Recorded information

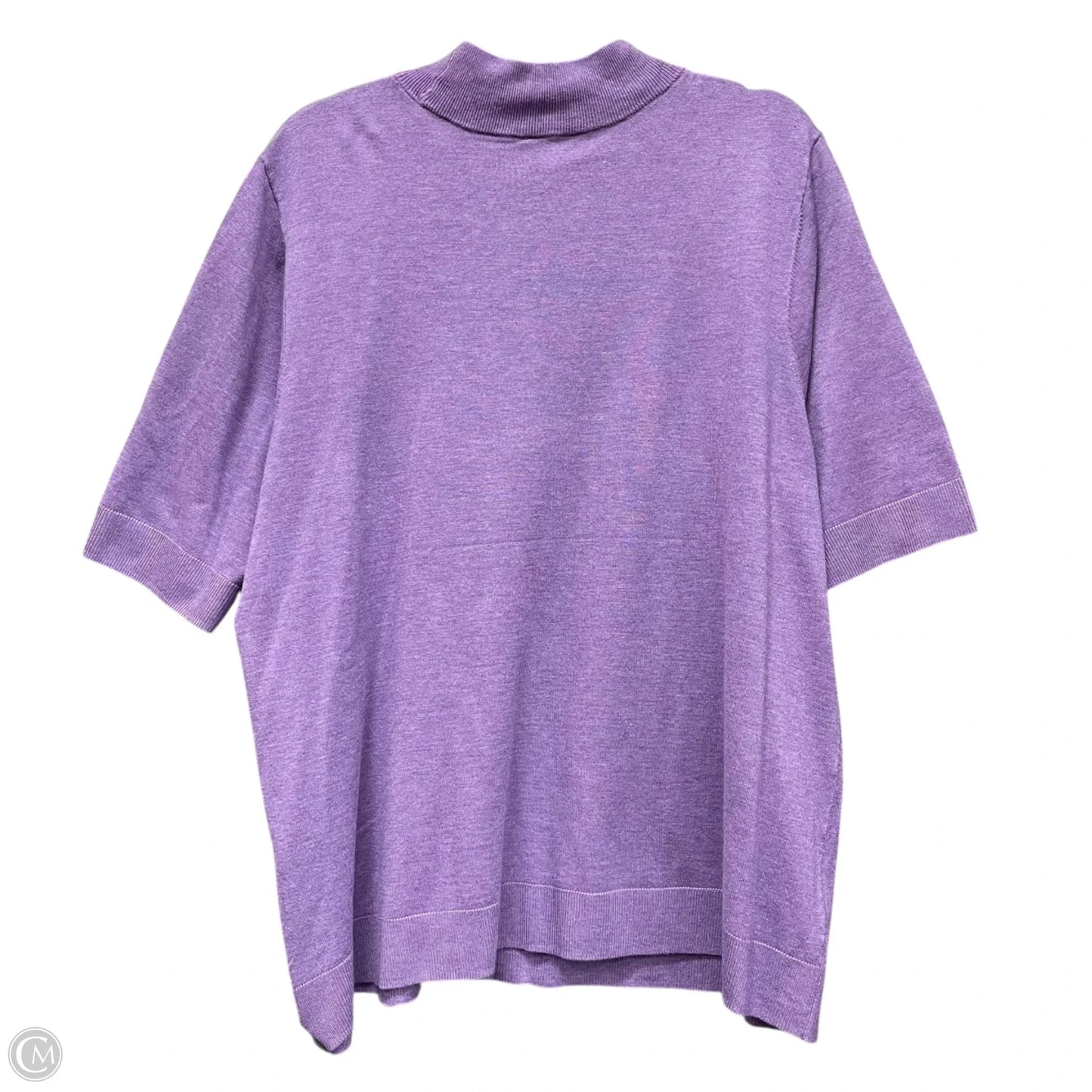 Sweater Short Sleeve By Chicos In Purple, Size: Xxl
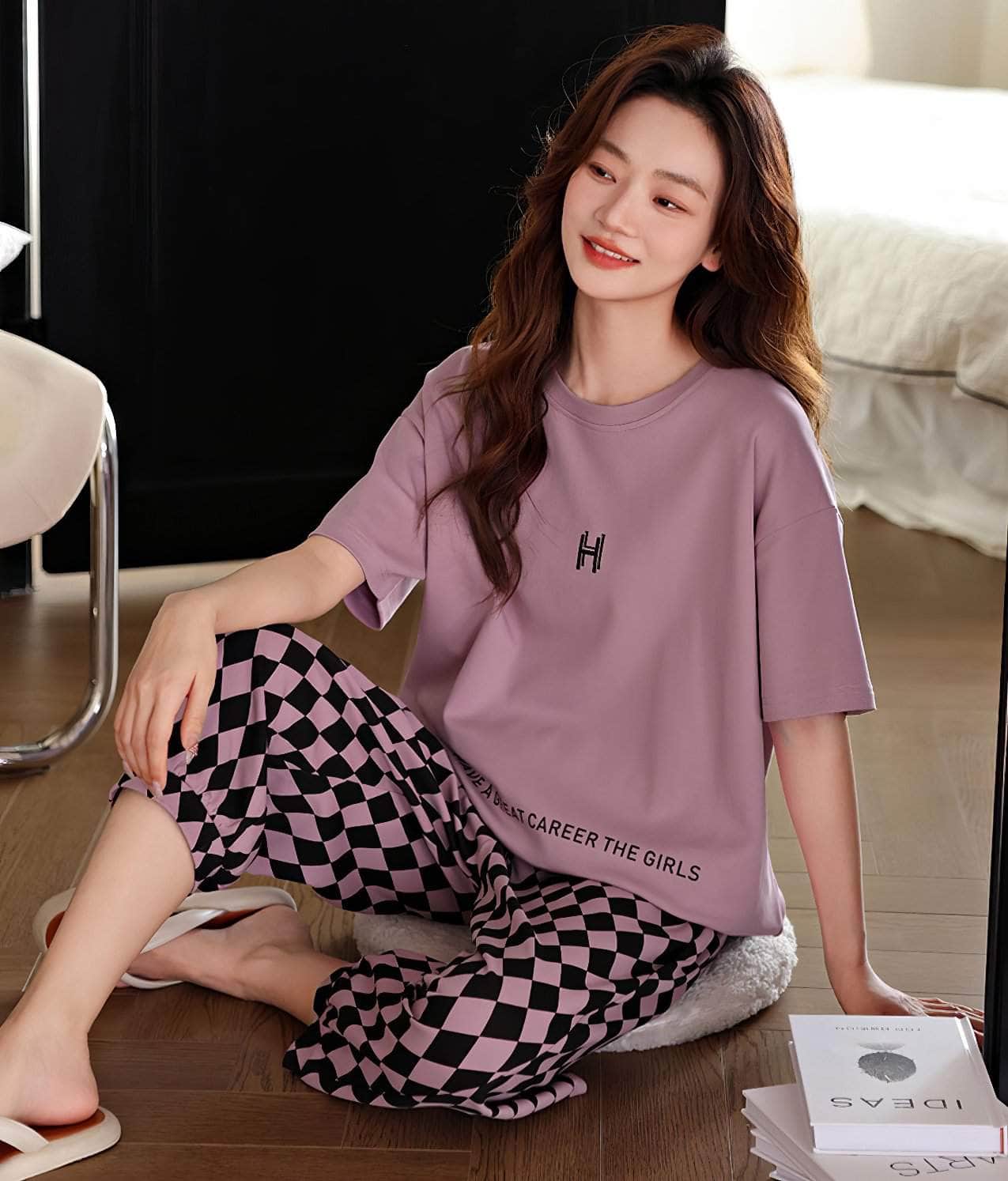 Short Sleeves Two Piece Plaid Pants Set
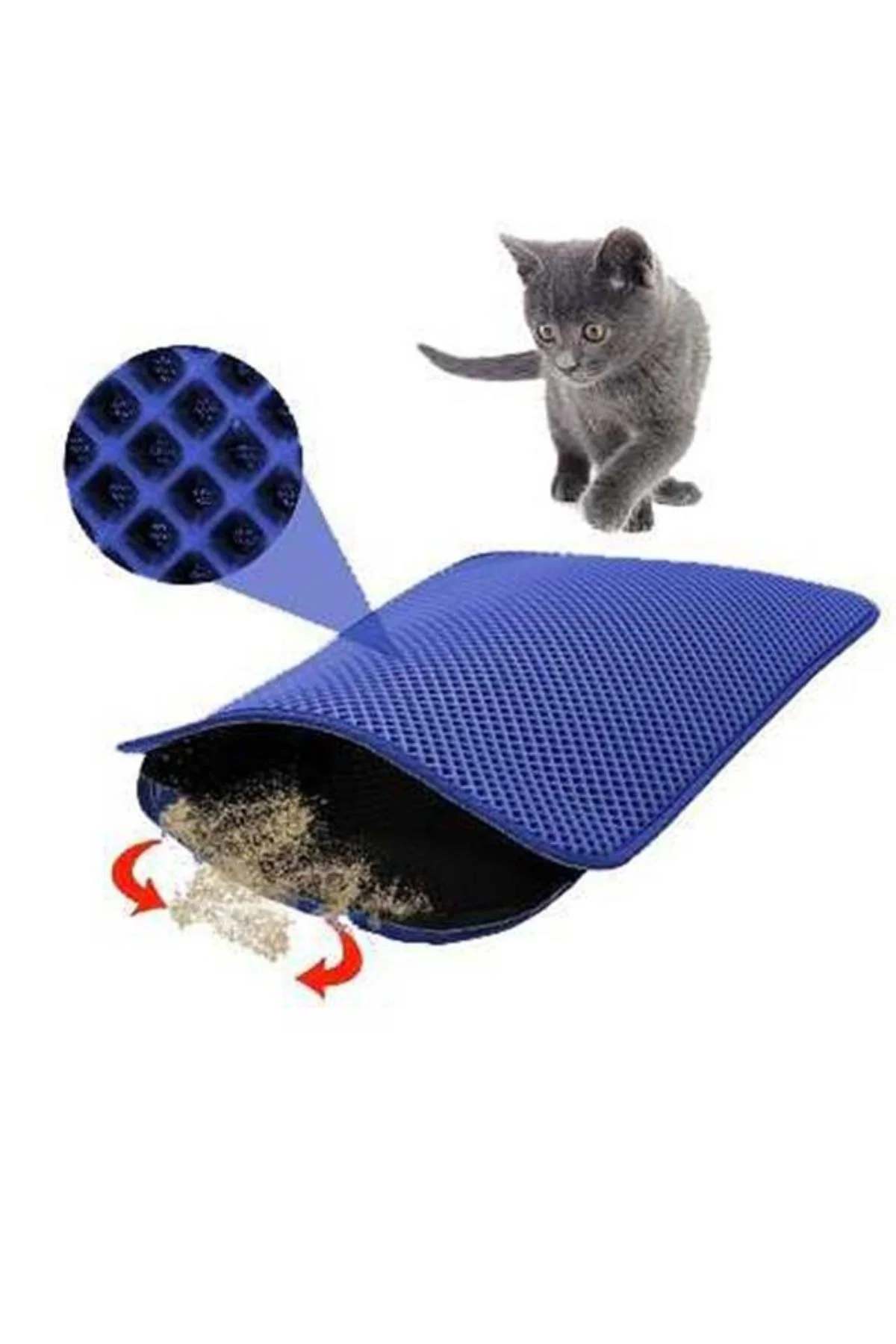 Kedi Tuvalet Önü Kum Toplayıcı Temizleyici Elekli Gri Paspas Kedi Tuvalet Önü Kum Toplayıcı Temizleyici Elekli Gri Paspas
...
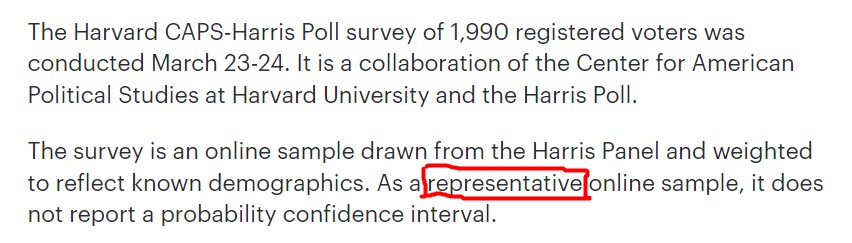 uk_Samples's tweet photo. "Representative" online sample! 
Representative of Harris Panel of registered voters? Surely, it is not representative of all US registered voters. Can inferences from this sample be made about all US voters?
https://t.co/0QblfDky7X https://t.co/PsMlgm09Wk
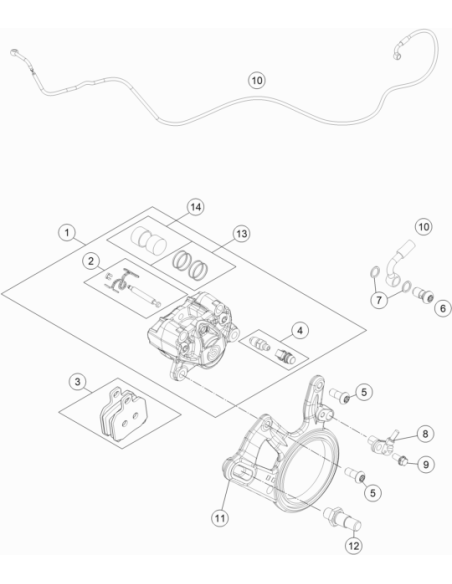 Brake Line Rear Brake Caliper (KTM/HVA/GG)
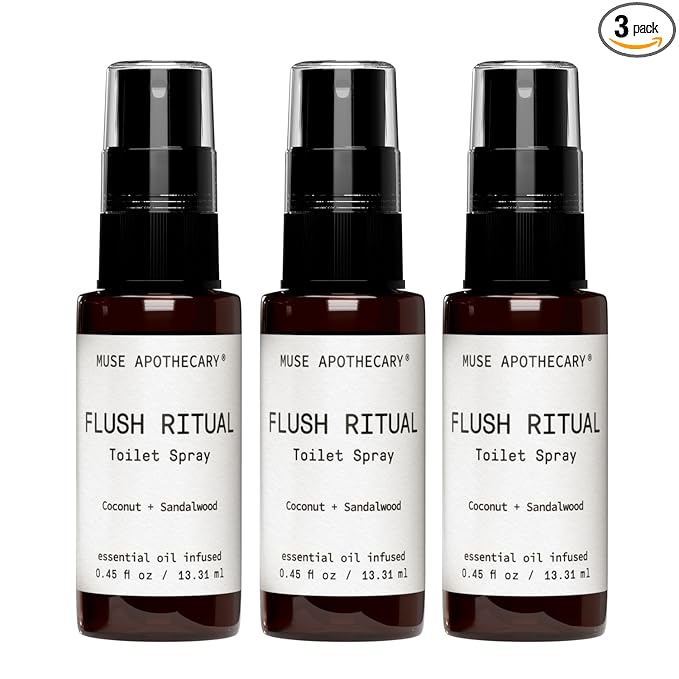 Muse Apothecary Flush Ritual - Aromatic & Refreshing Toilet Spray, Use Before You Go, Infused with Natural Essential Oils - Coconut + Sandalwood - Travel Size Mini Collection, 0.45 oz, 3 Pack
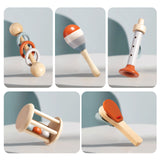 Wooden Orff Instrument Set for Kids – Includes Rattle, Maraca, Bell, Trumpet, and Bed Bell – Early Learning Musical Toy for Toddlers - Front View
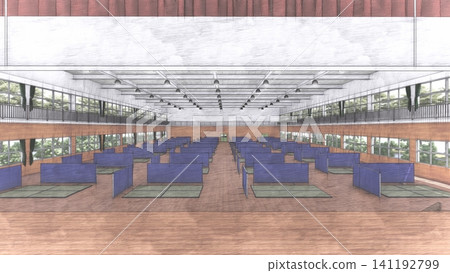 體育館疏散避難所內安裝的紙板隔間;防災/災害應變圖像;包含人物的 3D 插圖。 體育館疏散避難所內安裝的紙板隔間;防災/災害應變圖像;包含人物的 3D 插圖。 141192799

Instructions for the task
In the listing above, find the line with "Sweater Short Sleeve" and the line with "Gri Paspas Kedi". Copy exactly those lines and all between them, minus the images.

Answer to this problem
 Sweater Short Sleeve By Chicos In Purple, Size: Xxl
 Short Sleeves Two Piece Plaid Pants Set
 Kedi Tuvalet Önü Kum Toplayıcı Temizleyici Elekli Gri Paspas Kedi Tuvalet Önü Kum Toplayıcı Temizleyici Elekli Gri Paspas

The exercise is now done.